Finding Your Identity in Christ

“It must be nice to never speak before thinking it through.” Someone once said to me.

Well, thats a nice thought BUT I have two problems with that statement.

  1. It’s not true. I wish it was, 🙂 but the truth is I often say things I wish I could take back because I spoke before I thought.
  2. Often I overthink and end up not saying something that should have been said.

Thats where I’m at right now. To speak or not to speak?

Considering the fact that I’m currently sitting in front of my computer I guess I already made the decision to speak. (or in this case to write.)

Now I’m trying to decide if I’m going to be blunt or if I’m going to beat around the bush and hope my point is taken.

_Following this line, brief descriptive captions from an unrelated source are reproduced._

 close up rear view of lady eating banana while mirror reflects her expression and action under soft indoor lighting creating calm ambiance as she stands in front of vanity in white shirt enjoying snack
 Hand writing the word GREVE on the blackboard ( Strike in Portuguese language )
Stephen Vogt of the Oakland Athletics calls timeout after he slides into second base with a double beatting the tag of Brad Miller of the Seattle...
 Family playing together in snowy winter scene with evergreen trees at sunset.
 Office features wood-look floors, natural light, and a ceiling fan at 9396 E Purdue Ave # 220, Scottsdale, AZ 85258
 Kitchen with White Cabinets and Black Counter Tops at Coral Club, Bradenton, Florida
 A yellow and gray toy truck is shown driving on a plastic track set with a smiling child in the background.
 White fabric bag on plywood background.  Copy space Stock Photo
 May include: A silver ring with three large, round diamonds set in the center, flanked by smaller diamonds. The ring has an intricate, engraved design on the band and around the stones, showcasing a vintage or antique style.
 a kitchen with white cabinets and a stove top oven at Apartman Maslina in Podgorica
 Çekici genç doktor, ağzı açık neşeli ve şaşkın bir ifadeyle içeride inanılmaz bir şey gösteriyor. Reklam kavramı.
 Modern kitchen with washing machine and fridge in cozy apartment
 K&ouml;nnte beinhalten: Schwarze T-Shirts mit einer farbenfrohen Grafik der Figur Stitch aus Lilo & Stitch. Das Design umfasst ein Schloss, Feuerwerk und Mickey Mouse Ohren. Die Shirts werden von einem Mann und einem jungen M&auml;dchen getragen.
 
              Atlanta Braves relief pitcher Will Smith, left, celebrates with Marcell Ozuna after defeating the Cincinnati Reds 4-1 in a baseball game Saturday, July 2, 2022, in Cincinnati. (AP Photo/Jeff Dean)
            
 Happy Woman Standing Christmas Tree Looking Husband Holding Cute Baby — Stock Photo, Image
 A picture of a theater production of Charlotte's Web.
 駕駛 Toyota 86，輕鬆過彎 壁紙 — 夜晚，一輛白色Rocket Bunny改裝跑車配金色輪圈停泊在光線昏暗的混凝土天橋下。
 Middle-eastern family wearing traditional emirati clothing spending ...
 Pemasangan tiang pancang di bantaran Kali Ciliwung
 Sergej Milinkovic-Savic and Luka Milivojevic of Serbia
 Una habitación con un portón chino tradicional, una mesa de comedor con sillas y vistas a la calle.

Actually as I typed that I knew that I already know the answer. I don’t like confrontation so I will be beating around the bush. So if your reading this you might want to try reading between the lines. Ha 🙂

I know. Whatever.

My last post was on pride and this one could be labeled the same but in the end I concluded that the issue here runs deeper then pride.

I believe this is an identity crisis.

I believe that our actions speak loudly about where we find our identity…

Imagine someone who very obviously knows who she is in Christ. She has a deep inner peace that quite honestly can’t be put into words. She is quietly confident that she is loved by Jesus exactly as she is. She has the ability to walk away and not participate in gossip, but she also has the ability to speak when necessary. She is there and she supports those who are hurting. I’m pretty sure she isn’t noticed by many because she isn’t trying to be noticed, she is simply passing on the love of Christ. The most amazing thing is this: I don’t think this is how she would describe herself, I think, she would say the exact opposite. Which makes sense, really, because it isn’t her that you are seeing. It is Christ in her that shines so brightly. She has found her identity in him and because of it God can freely work through her.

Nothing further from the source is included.